Key advantages of Mayo hip score are that it has fewer questions than HHS and does not require physician assessment in the clinic. Therefore, it can be sent as a mailed survey and completed by patients. This can allow for a rapid and efficient assessment of not only the patients’ current pain/function status that allows screening for THA failures during the short and long-term arthroplasty follow-up. As suggested in earlier studies, the Mayo hip score can be coupled with radiographic score [5] for a more comprehensive assessment. The advent of telemedicine may allow for a virtual patient visit and follow-up (mailed survey and remote review of radiographs) that can replace the annual in-person clinician visit. In an era of health care cost reduction and a declining supply of arthroplasty surgeons [24], this approach might allow more cost-efficient arthroplasty follow-up and monitoring.
One must consider the study limitations while interpreting study findings. Non-response rates were 36 % and 45 % at 2- and 5-years, respectively, which could have potentially affected the study findings. We decided a priori not to impute values for missing data, since this was a validation study, and we wanted to only use real data. It is unclear to us, whether it strengthened or weakened study findings, since we are unaware of the impact of non-response on validation statistics. These findings may therefore be generalizable only to patients who regularly respond to post-arthroplasty surveys. The overall revision rate in the cohort is low, and we may have missed significant findings due to the rarity of this outcome.
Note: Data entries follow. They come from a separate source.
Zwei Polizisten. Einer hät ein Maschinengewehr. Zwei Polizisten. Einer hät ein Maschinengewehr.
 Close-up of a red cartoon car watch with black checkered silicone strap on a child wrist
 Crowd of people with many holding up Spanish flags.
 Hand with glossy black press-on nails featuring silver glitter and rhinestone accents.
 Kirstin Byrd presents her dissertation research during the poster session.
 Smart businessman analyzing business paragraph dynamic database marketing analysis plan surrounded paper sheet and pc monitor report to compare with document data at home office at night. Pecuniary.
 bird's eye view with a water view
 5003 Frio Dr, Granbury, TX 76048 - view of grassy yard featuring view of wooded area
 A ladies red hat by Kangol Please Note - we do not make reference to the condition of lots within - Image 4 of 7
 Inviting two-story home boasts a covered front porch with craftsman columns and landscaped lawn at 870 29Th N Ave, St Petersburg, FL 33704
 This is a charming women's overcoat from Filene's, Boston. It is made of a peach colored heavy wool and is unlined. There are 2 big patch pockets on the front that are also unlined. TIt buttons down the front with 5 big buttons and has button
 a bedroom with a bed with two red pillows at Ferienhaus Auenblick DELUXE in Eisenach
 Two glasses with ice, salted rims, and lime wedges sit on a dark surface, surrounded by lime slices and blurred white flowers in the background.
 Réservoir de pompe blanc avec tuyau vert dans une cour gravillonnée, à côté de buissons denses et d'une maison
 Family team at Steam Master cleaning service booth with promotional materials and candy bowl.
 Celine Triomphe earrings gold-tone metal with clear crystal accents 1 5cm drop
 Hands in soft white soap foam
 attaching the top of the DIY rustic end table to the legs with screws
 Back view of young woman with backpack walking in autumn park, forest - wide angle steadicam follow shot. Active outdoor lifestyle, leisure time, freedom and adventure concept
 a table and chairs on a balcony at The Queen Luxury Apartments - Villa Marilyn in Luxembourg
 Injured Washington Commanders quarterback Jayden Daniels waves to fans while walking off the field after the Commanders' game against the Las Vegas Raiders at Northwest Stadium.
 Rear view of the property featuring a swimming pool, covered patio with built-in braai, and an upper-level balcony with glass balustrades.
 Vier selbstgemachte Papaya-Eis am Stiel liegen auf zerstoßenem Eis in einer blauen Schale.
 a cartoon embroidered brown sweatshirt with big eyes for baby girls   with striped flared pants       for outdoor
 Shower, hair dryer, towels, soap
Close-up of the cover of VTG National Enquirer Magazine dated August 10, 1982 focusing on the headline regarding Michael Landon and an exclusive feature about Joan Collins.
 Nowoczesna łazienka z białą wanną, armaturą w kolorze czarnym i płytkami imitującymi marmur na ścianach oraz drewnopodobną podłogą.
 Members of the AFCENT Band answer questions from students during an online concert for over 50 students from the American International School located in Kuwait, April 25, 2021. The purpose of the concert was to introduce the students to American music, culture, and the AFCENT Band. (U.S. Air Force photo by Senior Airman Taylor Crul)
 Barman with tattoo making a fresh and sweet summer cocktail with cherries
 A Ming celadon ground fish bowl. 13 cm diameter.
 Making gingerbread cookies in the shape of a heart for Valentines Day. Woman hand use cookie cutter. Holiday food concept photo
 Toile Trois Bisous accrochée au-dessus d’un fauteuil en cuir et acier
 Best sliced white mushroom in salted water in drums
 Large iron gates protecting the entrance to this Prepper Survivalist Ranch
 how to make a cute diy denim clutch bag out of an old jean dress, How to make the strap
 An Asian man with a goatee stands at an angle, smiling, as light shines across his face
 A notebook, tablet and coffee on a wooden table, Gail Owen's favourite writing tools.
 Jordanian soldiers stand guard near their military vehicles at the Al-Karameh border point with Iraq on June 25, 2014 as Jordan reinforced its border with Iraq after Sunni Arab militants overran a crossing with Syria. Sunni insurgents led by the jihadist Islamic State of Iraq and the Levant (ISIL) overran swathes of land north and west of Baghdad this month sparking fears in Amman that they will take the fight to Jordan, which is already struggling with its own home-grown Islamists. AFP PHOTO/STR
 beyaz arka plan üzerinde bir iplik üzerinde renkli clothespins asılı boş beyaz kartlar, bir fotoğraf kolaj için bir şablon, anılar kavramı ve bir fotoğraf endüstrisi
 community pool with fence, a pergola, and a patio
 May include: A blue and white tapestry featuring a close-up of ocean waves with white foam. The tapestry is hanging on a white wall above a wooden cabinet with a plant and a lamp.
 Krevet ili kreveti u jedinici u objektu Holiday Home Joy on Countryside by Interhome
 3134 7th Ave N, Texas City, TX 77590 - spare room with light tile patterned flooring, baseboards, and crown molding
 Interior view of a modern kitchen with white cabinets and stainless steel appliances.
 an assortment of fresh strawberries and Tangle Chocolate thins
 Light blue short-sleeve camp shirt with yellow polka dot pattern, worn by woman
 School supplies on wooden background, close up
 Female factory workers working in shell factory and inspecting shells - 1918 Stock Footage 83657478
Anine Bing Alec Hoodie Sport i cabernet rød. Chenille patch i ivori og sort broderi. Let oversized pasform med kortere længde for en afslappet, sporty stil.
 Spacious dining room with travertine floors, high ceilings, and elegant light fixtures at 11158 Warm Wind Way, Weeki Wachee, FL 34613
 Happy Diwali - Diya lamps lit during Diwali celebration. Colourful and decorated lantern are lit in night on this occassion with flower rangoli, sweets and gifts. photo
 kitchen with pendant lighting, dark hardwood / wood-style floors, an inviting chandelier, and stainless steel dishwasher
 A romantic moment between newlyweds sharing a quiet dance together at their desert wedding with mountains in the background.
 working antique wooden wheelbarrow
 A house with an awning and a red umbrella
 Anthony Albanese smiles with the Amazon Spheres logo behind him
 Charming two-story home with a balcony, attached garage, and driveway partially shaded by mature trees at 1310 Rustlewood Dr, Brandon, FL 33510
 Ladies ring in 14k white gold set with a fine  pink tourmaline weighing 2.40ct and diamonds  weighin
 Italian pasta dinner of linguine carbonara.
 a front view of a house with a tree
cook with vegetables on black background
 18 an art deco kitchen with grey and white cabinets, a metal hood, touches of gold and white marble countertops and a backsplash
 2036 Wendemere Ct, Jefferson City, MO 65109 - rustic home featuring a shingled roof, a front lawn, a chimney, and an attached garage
So, what does this study add? There is already a large diversity of instruments being used in THA assessments [25], so why have another instrument? Several instrument in current use in arthroplasty have limited data on validity and reliability, and we provide assessment of validity and responsiveness of an instrument that has been in use in our Total Joint Registry for >3 decades and is patient self-administered. One challenge in post-arthroplasty outcome assessment is the use of several different outcome measures [25]. Harmonization of the THA outcome instrument use across arthroplasty studies would be a step forward and will allow comparison across studies. This effort is currently underway [26].